▸ **DESCRIPTION OF THE TASK**:
Copying rule for the data below: pictures stay out, and only the lines from the one with "Peinture Numero Adulte" down to the one with "SLOBE IENA（スローブイエナ）の「SLOBE citron.", inclusive, are repeated exactly.

▸ **AVAILABLE RECORDS**:
_____

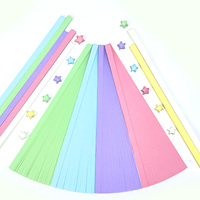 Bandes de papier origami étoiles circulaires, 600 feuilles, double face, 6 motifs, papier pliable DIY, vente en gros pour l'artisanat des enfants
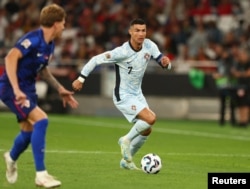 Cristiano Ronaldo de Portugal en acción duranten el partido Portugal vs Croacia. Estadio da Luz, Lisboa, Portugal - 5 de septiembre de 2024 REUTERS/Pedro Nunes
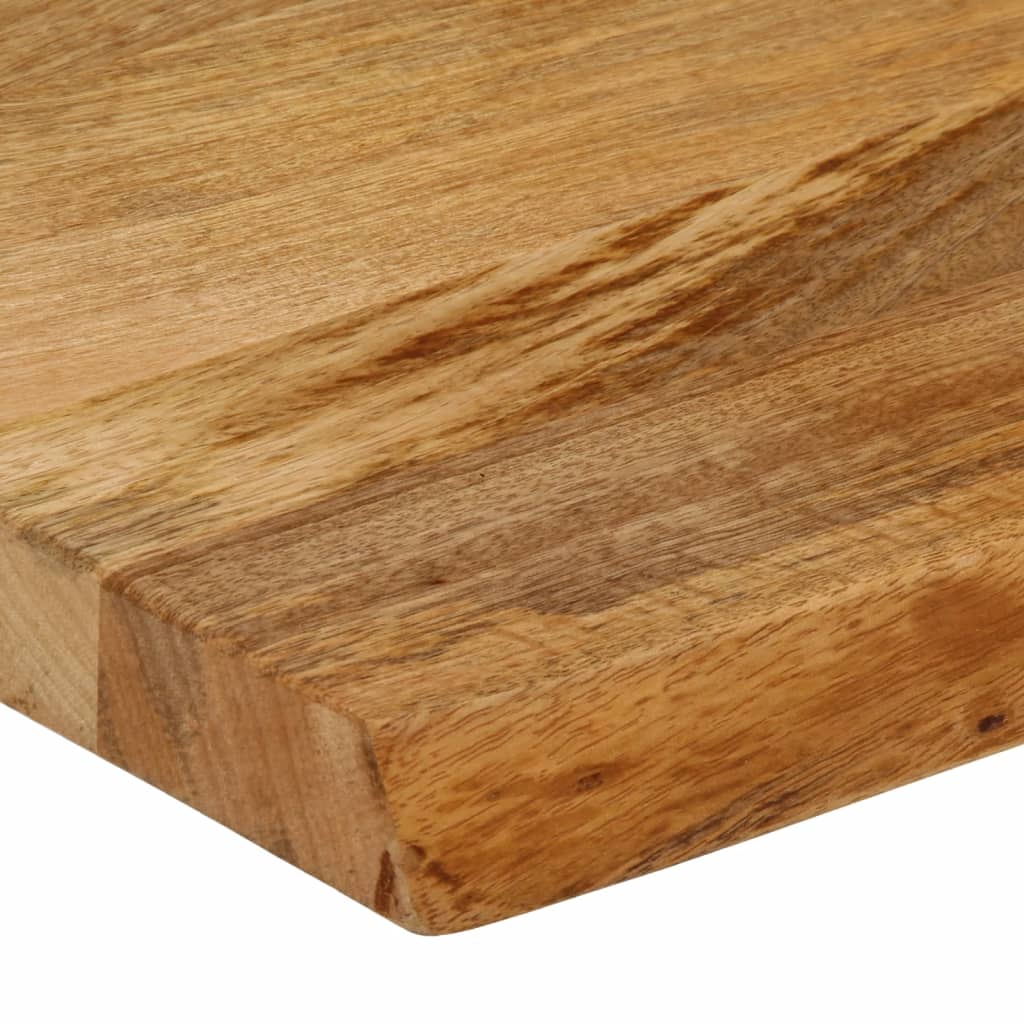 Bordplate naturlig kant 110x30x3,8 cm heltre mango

_____

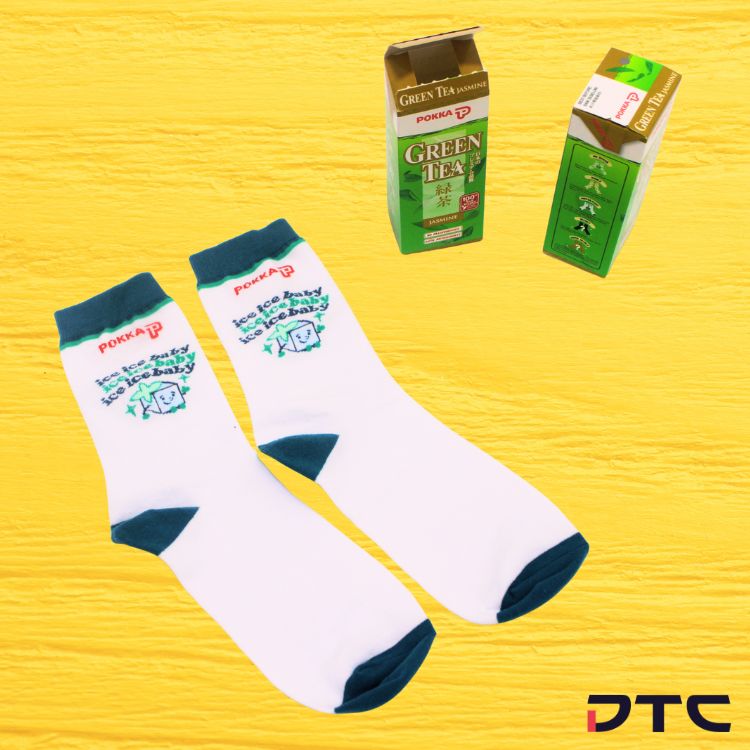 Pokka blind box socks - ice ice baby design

_____

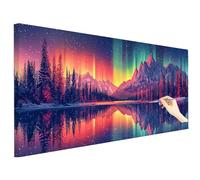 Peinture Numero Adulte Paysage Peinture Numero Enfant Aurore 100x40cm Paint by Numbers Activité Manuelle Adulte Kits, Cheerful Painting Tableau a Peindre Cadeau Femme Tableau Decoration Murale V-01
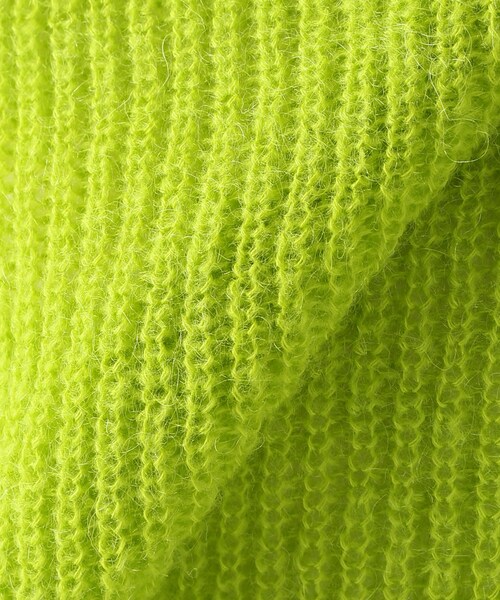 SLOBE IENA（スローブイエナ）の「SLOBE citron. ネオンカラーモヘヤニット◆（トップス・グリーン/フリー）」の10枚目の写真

_____

▸ **TASK RESPONSE**:
 Peinture Numero Adulte Paysage Peinture Numero Enfant Aurore 100x40cm Paint by Numbers Activité Manuelle Adulte Kits, Cheerful Painting Tableau a Peindre Cadeau Femme Tableau Decoration Murale V-01
 SLOBE IENA（スローブイエナ）の「SLOBE citron. ネオンカラーモヘヤニット◆（トップス・グリーン/フリー）」の10枚目の写真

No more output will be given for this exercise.